WHAT IS NEEDED: The required answer is an exact copy of every line from the beginning of the entries through the line with "thumbnail image 1", with all pictures omitted.

INPUT RECORDS:
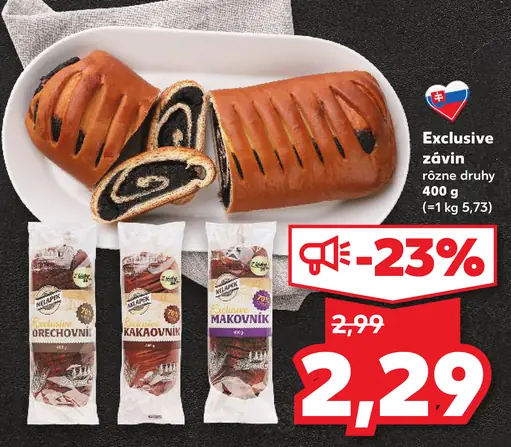 Coop Exclusive závin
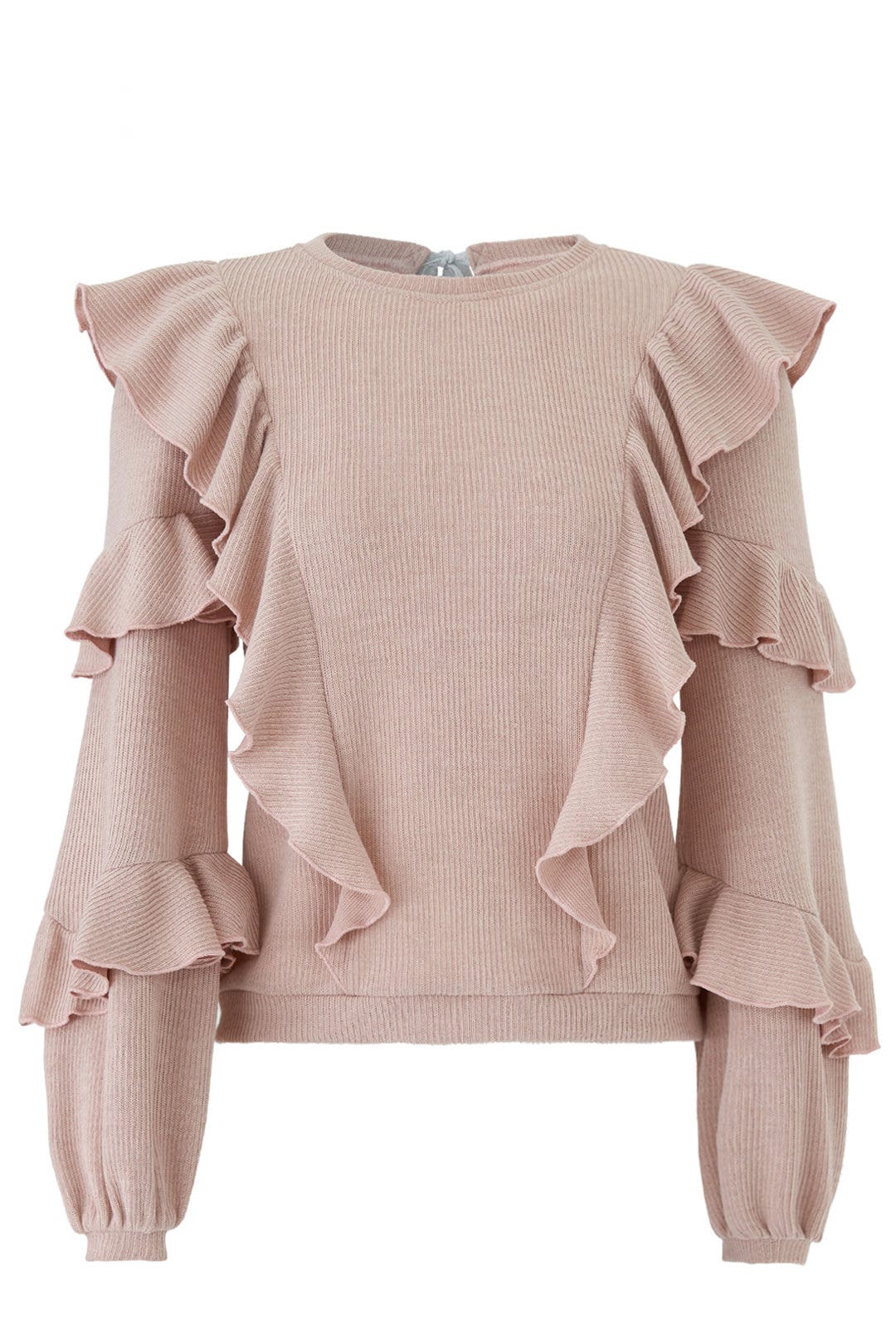 Blush Avian Sweater by Saylor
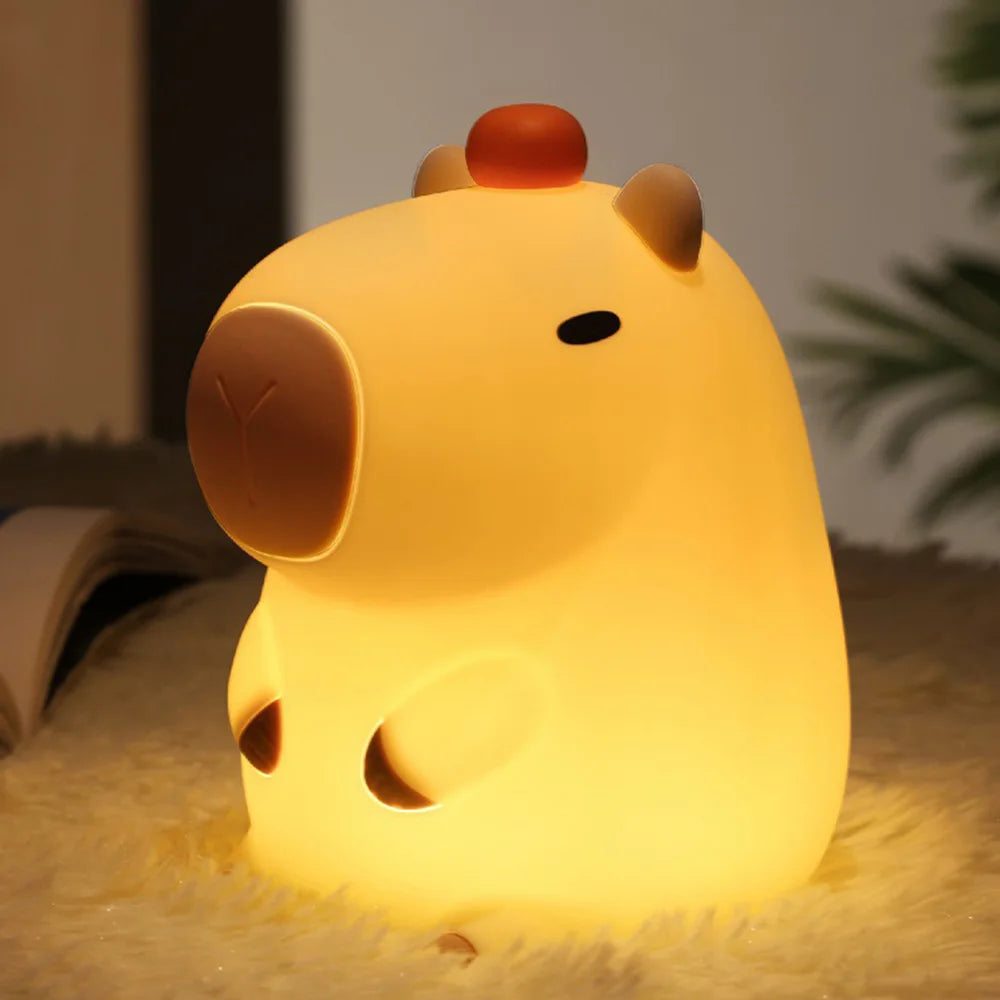 Big Face Rabbit Night Light - Lumi'Mignon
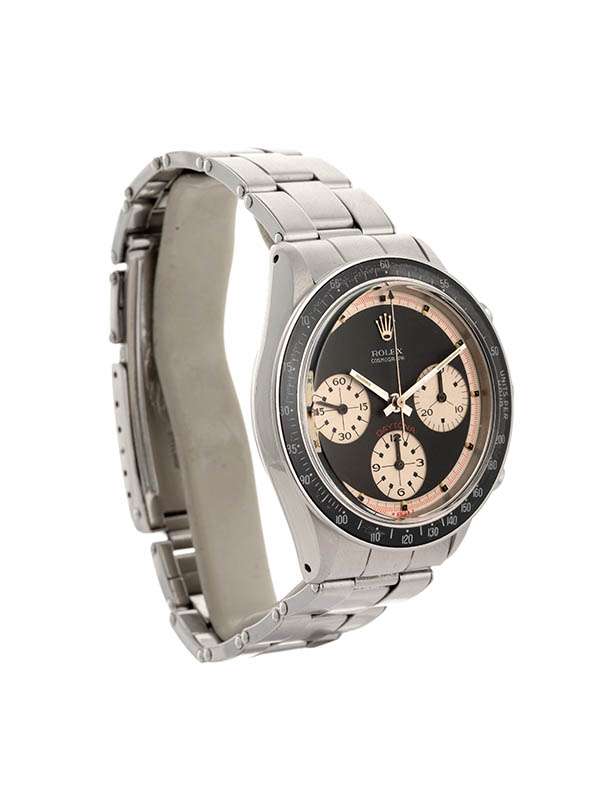 ROLEX DAYTONA PAUL NEWMAN CON PERIZIA 36MM IN ACCIAIO REF. 6241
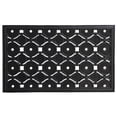 thumbnail image 1 of Calloway Mills 103621830 18 x 30 in. Nobe Rubber Rectangular Doormat, Black, 1 of 1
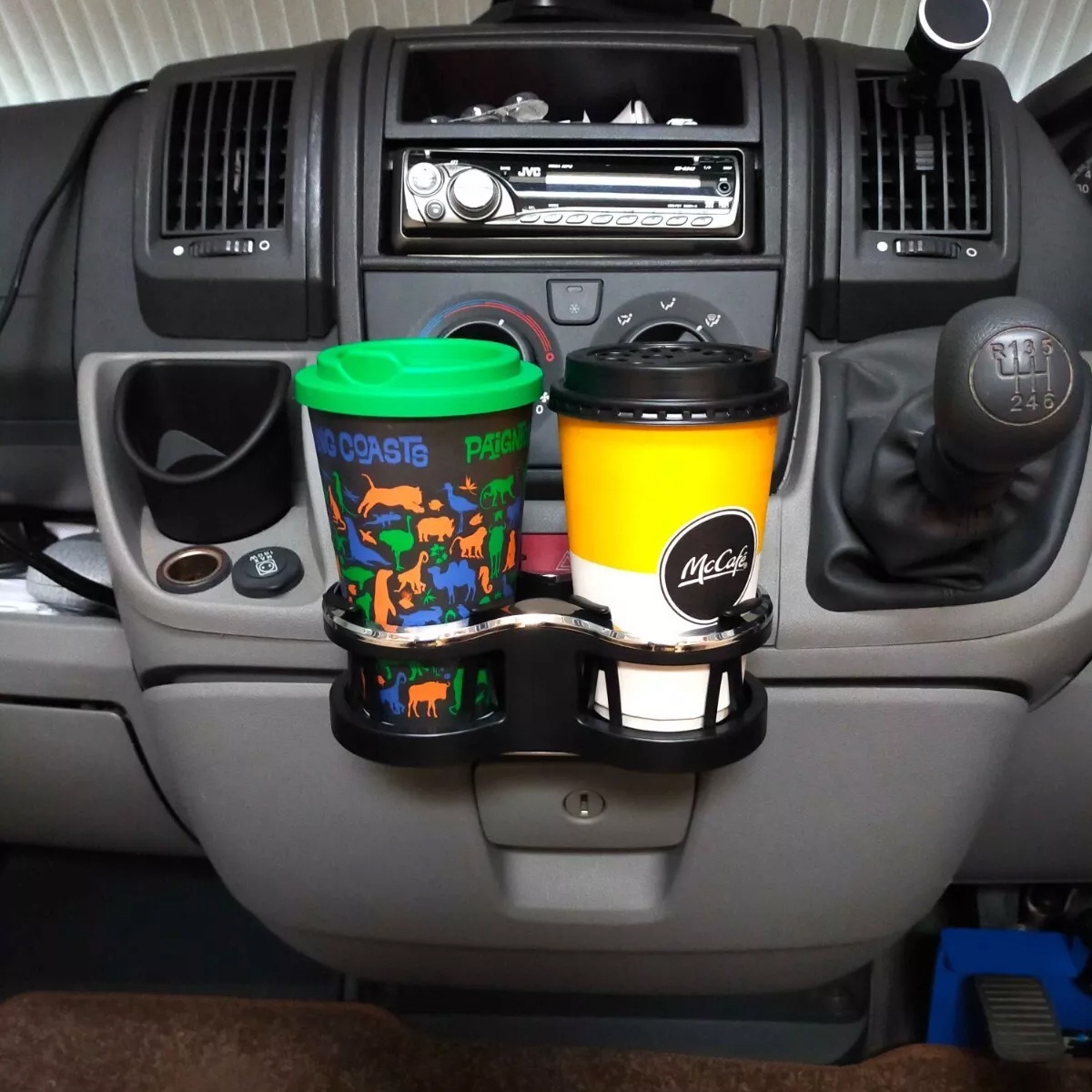 RV ドリンクカップホルダー水筒ラック車内収納アクセサリープ - Car Accessories Kit のレビューと価格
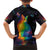 Cat Colorful Christmas Kid Hawaiian Shirt Xmas Holiday Patterns - Wonder Print Shop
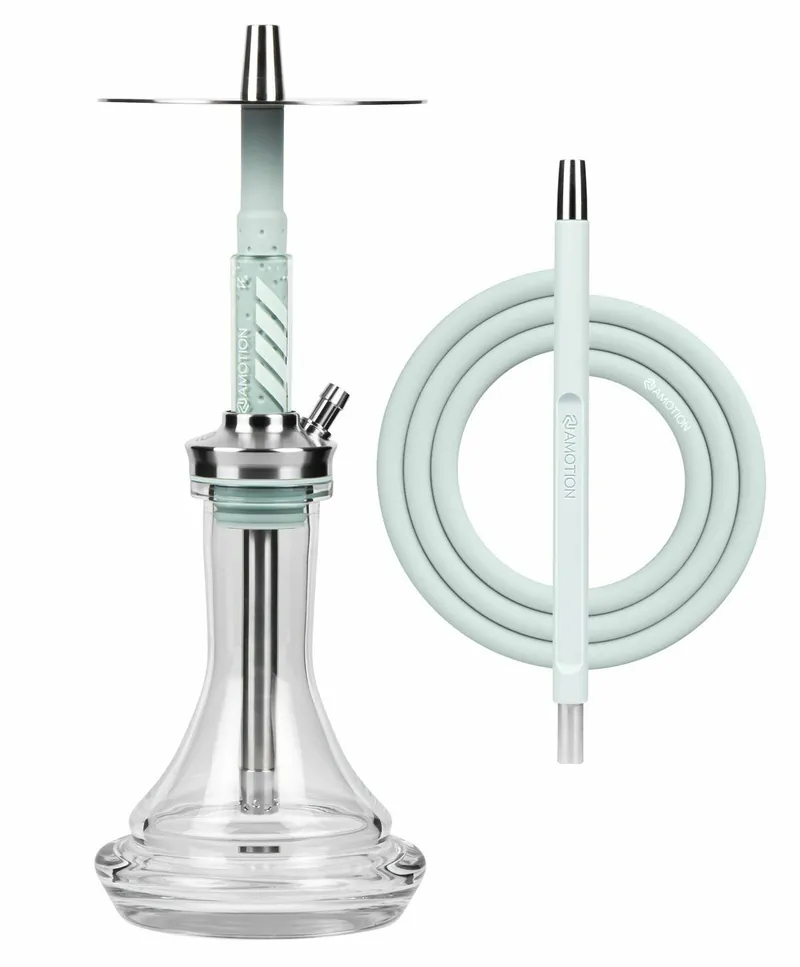 Amotion FUTR Mauve Modern Hookah – Sleek German Shisha for Smooth Smoking Sessions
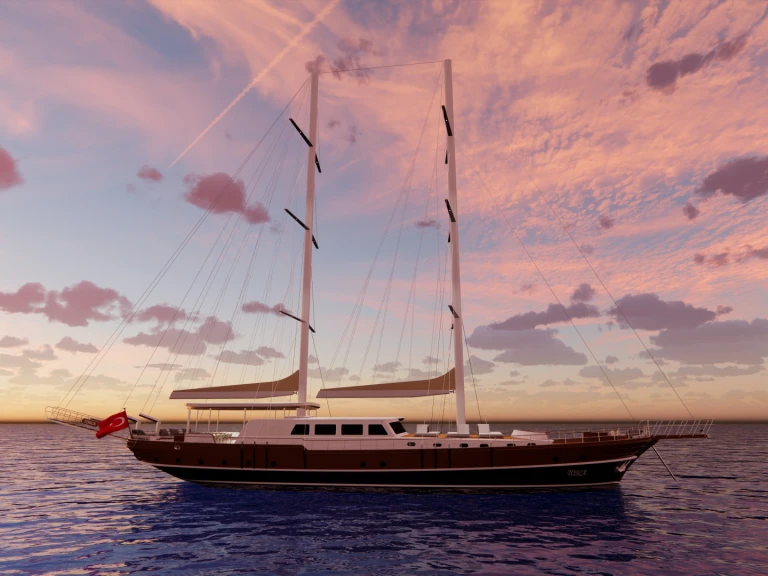  Motoryacht Tosca charter bareboat or captained in  Bozburun
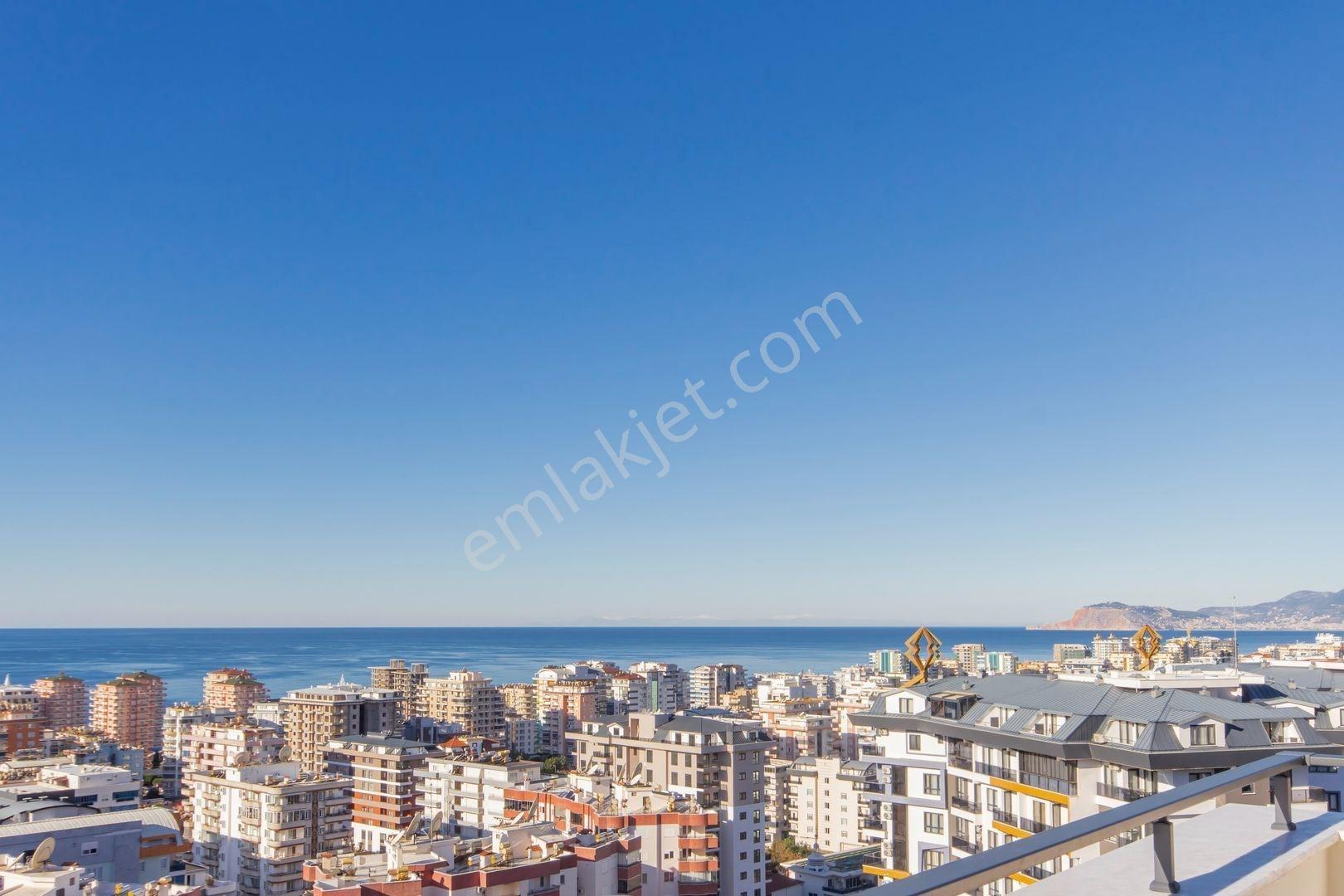 Alanya Mahmutlar'da Ultra Lüx Kompleks 4+1 Penthouse Ful Deniz Manzaralı — fotoğraf 19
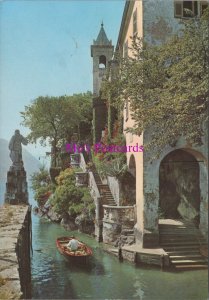 Italy Postcard - Lago Di Como, Darsena Di Punta Balbianello   RR20653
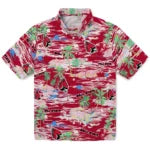 Ball State Cardinals Hawaiian Shirt - Hawaii Island | Moonbestprint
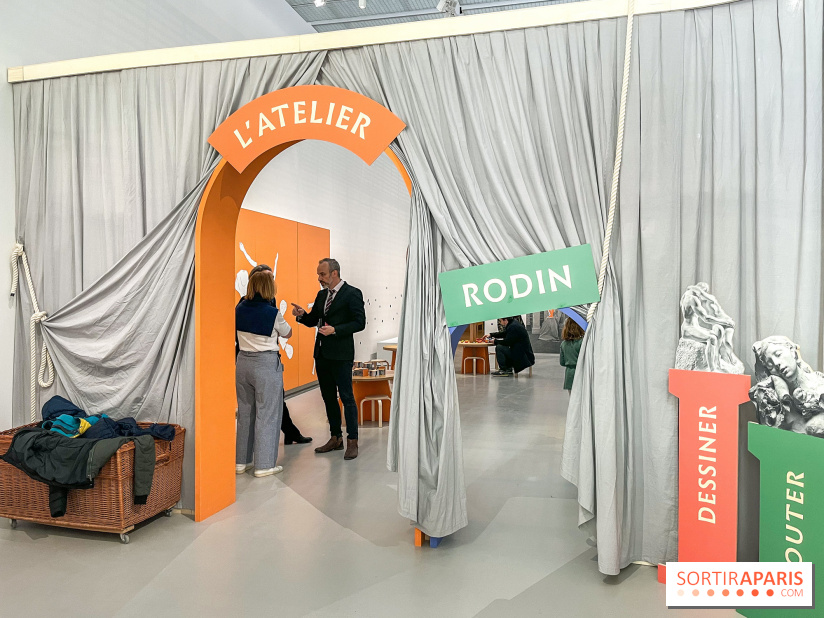 L'Atelier Rodin, l'activité pour les enfants à faire au musée Rodin, du 15 avril au 27 août 2023 - FB089DCD 652A 43B0 BAB5 40F0D34823BB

ANSWER TO THIS PROBLEM:
 Coop Exclusive závin
 Blush Avian Sweater by Saylor
 Big Face Rabbit Night Light - Lumi'Mignon
 ROLEX DAYTONA PAUL NEWMAN CON PERIZIA 36MM IN ACCIAIO REF. 6241
 thumbnail image 1 of Calloway Mills 103621830 18 x 30 in. Nobe Rubber Rectangular Doormat, Black, 1 of 1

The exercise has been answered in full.